Sevgili dostum Yusuf Söğütdelen kıymetli ilim adamı Süleyman Hilmi Tunahan’ın üniversite öğrencilerine tavsiyelerini anlattı. Tunahan, “Evladım, bu beş hususa riayet edersen, hem cemiyette itibarın hem de âhirette yerin iyi olur” diyor. O nasihatler, şu bulanık çağda dertlere derman olacak türden.
“Allah yolunda ol, dosdoğru ol, verdiğin sözün eri ol... Evladım! ağzın laf ediyorsa, dilinle doğru ol, sözünle doğru ol. Sana inanan kişilere karşı sözünden cayma. Eğer sözünü tutarsan ‘söz’ olur ve seni cennete götürür, tutmazsan ‘köz’ olur. Doğrunun doğruluğu bütün sülâlesine akseder, hepsini hayra götürür”
“Evladım, alın teri olmadan hiçbir şeyin kıymeti bilinmez. Kıymetini bileceğin şeylerin başında bu gelir. Sonra söyleyeceğim şu ki, ağaç dik. Büyük, geniş, yemyeşil Türkiye olacağız evelallah.”
Devam ediyor hazret:
“Bildiğini öğret, temiz ol ve temizliğinle örnek ol. Münevver kişi, münevvir kişi demektir. Öyleleri var ki, üç fakülte bitirir de, hasedinden, kıskançlığından (dolayı) hiçbir şey öğretmez. Gerçek münevver, bildiğini yapan ve öğreten kişidir.”
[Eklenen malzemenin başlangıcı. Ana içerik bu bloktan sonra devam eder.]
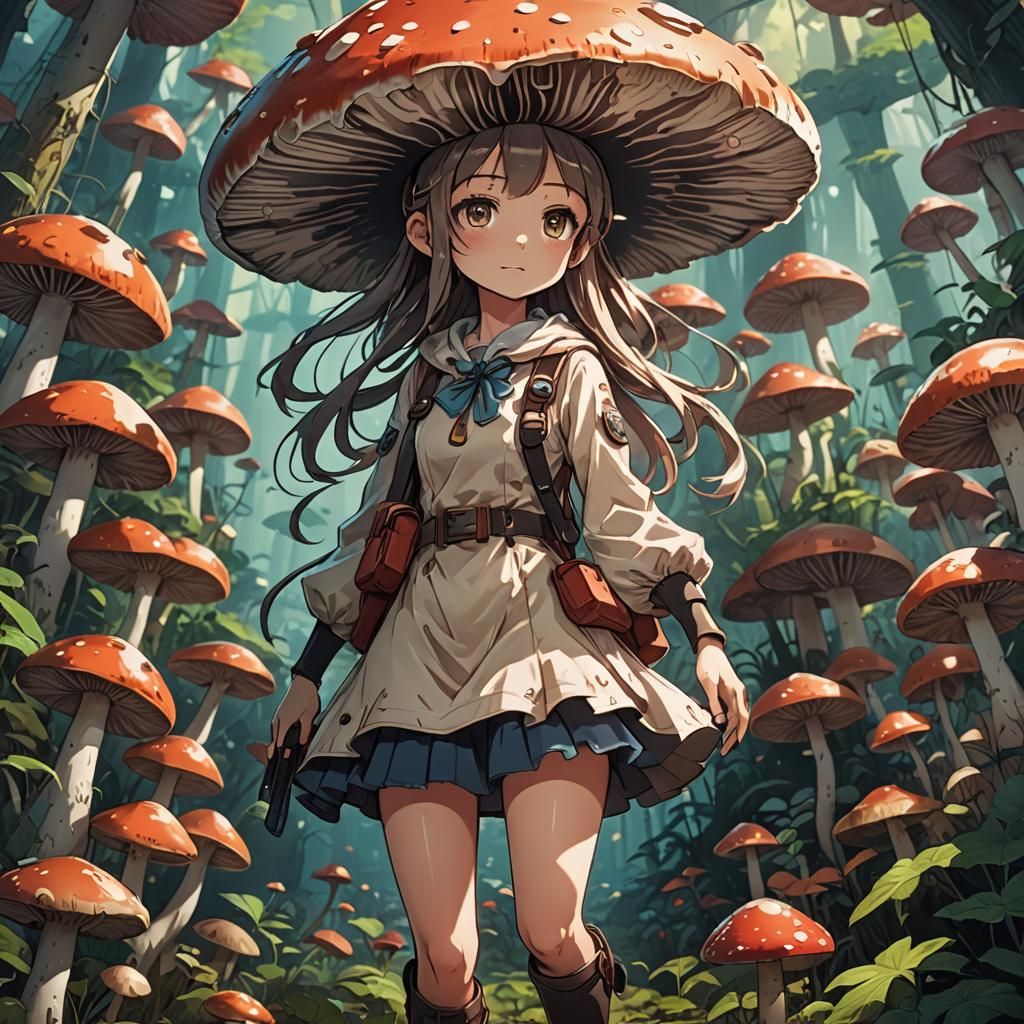 Mushroom Girl in Anime Style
Bir de ‘gönül almayı nasip et Allah’ım’ diyor ve şu sözleri söylüyor:
“Günde en az bir kişiye iyilik et, gönlünü al. Gönül almak, cennetin firdevs kapısını açmaktır. Bu beş maddenin en kolayı, fakat en ‘içten geleni’ de budur. Bir gönül kazanmak, kırk vakit namaza bedeldir. Bir gönül kırmak ise, kırk vakit namazın sevabını kaybettirir. Ben sabahları kalkarken, ‘Ey Allah’ım, bana, bugün bir kişiye iyilik yapmak nasip eyle’ diye dua ederim. Evden çıktığında veya eve dönerken karşından gelen ilk kişiye selâm ver. Onun vermesini beklersen olmaz, evvela sen ver. İşte o zaman, o da sana karşılığını verecektir. Alan gönlüyle kabul etsin, sunan gönlüyle sunsun. Daha güzeli var mı?”